According to a recent article in The Wire, farmers on average were denied at least Rs 1,881 crore by having to sell their produce below MSP in October and November. In all major paddy producing states—Chhattisgarh, Uttar Pradesh and Telangana—the average prices were 15% below MSP. According to the PRS, 43% of wheat, 36% of rice, 12% of cereals and 1% of coarse grains produced are procured at MSP. Also, Punjab, Madhya Pradesh and Haryana make up 85% of the wheat procured under MSP. Therefore, MSP remains focused on a few crops and a few states.

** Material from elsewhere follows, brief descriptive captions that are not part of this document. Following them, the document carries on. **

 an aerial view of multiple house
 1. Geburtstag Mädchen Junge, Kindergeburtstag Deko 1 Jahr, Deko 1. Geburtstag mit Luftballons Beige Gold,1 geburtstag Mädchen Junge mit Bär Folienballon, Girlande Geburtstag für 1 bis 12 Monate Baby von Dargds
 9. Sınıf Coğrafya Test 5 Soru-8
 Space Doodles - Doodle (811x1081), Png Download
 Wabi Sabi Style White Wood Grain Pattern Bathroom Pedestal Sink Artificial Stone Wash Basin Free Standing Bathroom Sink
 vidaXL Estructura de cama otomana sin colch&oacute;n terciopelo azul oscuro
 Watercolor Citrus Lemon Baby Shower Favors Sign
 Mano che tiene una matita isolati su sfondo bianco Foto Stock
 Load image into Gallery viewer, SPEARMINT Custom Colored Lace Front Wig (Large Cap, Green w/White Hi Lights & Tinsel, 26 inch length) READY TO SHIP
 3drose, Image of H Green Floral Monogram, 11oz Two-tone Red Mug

MSP has had limited success in terms of serving as a signal. According to the findings of a 2016 NITI Aayog report, only 10% of farmers came to know about MSP for the different crops before their sowing season, whereas 62% of farmers knew about the prices of their produce after the sowing. Also, 28% of farmers could not recollect the information. Essentially, increased MSP cannot alone help in increasing farmers’ income.
The NABARD All India Rural Financial Inclusion Survey 2016-17 shows that 48% of rural households are agricultural households. And 87% of agricultural households possess two or less hectares of land, and only 5.2% own tractors. Nearly 43% of income of agricultural households comes from cultivation and livestock rearing. Small scale and lack of modernisation characterises a major chunk of India’s agriculture. New technology and farming techniques are crucial to increasing farm productivity, reducing cost of cultivation, and improving farm realisations. Farmer education and extension services will go a long way in improving farming practices. There is a dire need to communicate with farmers and win his confidence if new techniques are to be adopted. Limited success of soil health card and nutrient-based subsidy being an example how well-intended policies can fail to yield the desired results in the absence of a buy-in from farmers. Increase in yields of staple food crops can help farmers diversify into other value-added cash crops.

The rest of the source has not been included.